Le deuxième exemple est celui du portrait de Ginevra de’ Benci, attribué à Leonardo da Vinci, un portrait que l’on situe aujourd’hui entre 1478 et 1480 et qui est conservé à la National Gallery de Washington.15Cette fois, l’autre image est peinte au dos : une branche de genevrier est couronnée par une branche de laurier et une de palmier. Un cartouche unit entre elles les trois branches et porte l’inscription : « Virtutem forma decorat » (“La beauté est l’ornement de la vertu”). Il s’agit d’un emblème qui veut exalter les qualités physiques et morales de la jeune fille représentée. Le genevrier qui apparaît aussi dans le portrait proprement dit fait allusion au nom de la jeune fille, Ginevra. Il s’agit donc d’une interpretatio nominis, un expédient typique de la poésie élogieuse et amoureuse. Dans ce cas, le parcours que le spectateur doit accomplir lui permettra de voir, outre le portrait physique de Ginevra, le portrait moral qui est confié à l’emblème, au jeu entre l’image et le mot que l’emblème crée.
Le troisième exemple est le portrait de l’évêque Bernardo de’ Rossi de Lorenzo Lotto.16Le volet nous propose une image difficile à interpréter, qui semble représenter, à gauche, le royaume de la vertu et, à droite, celui du vice. là aussi, comme dans le cas de Ginevra de’ Benci, le parcours à accomplir se situe entre extériorité et intériorité, mais le portrait moral est confié à des images on ne peut plus énigmatiques.
Il est fascinant de souligner quelques coïncidences temporelles et géographiques qui concernent Piero della Francesca et Lorenzo Lotto : Bembo restera longtemps à la cour d’Urbin, de 1506 à 1512, mais il y était déjà resté en 1504 et cela correspond à une halte dans un voyage à Rome, c’est-à-dire quand il est en train d’écrire les asolani. Bernardo de’ Rossi, le protagoniste du portrait dans le panneau de Lotto était évêque de Trévise, ville dans le territoire duquel se trouvait Asolo. Or, le panneau recouvrant le tableau portait la date du premier juillet 1505, année où les asolani sont publiés. Et surtout, on a formulé une hypothèse très intéressante à propos du portrait de Ginevra de’ Benci, qui aurait été commandé à Leonardo par le père même de Pietro Bembo, Bernardo, quand il était ambassadeur à Florence.

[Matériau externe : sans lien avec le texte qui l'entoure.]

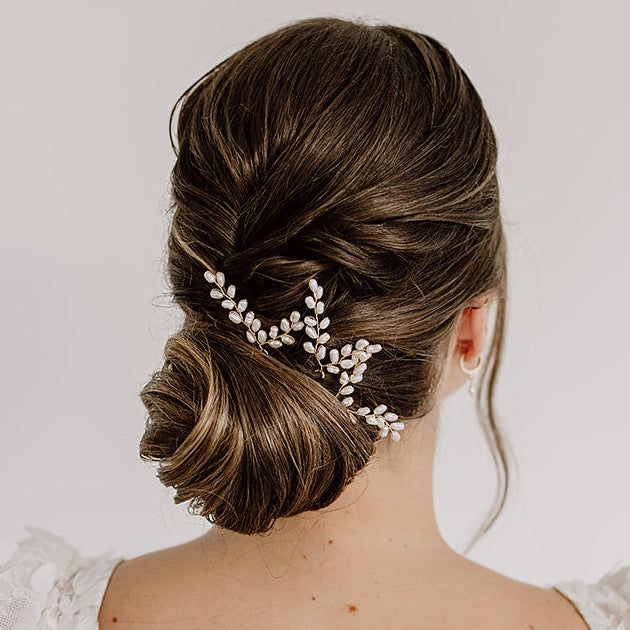 3er Set Braut Haarnadeln Amelie in Gold mit echten Süßwasserperlen, getragen in einer eleganten Hochsteckfrisur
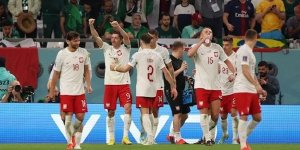 Polonya, Suudi Arabistan'ı 2 golle devirdi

C’est une hypothèse absolument fascinante pour notre thèse, peut-être trop fascinante, et je me limite à la citer.
En tout cas, il y a un témoignage qui est très intéressant dans notre optique : il s’agit de la discussion entre Bembo et le lettré vicentin Giovan Giorgio Trissino, contenue dans quelques lettres écrites en 1505. Il s’agit d’une discussion assez violente à propos d’une médaille (une médaille ancienne probablement)que Trissino ne veut pas donner à Bembo et que Bembo veut absolument.« Je vous dirai que cette médaille en or qui représente Bérénice [...]ressemble de façon frappante à une dame qui existe réellement et que j’honore beaucoup ; c’est pourquoi, pour bien des raisons, si vous me l’aviez donnée, cela aurait été le cadeau le plus apprécié que j’aurais jamais pu recevoir de votre part ».17 Pour avoir cette médaille, Bembo est prêt à donner quelques-unes des“antiquités” dont il est grand collectionneur.18Ce qui est important pour nous, c’est le modèle figuratif qui est ici superposé aux asolani (Bérénice est en effet une des protagonistes des dialogues) : il s’agit d’une médaille avec un portrait de femme. La médaille a un revers, souvent emblématique ou allégorique, c’est pourquoi on peut la considérer comme un précédent, un modèle de la typologie des portraits que nous avons rappelés, c’est-à-dire les portraits“doubles”.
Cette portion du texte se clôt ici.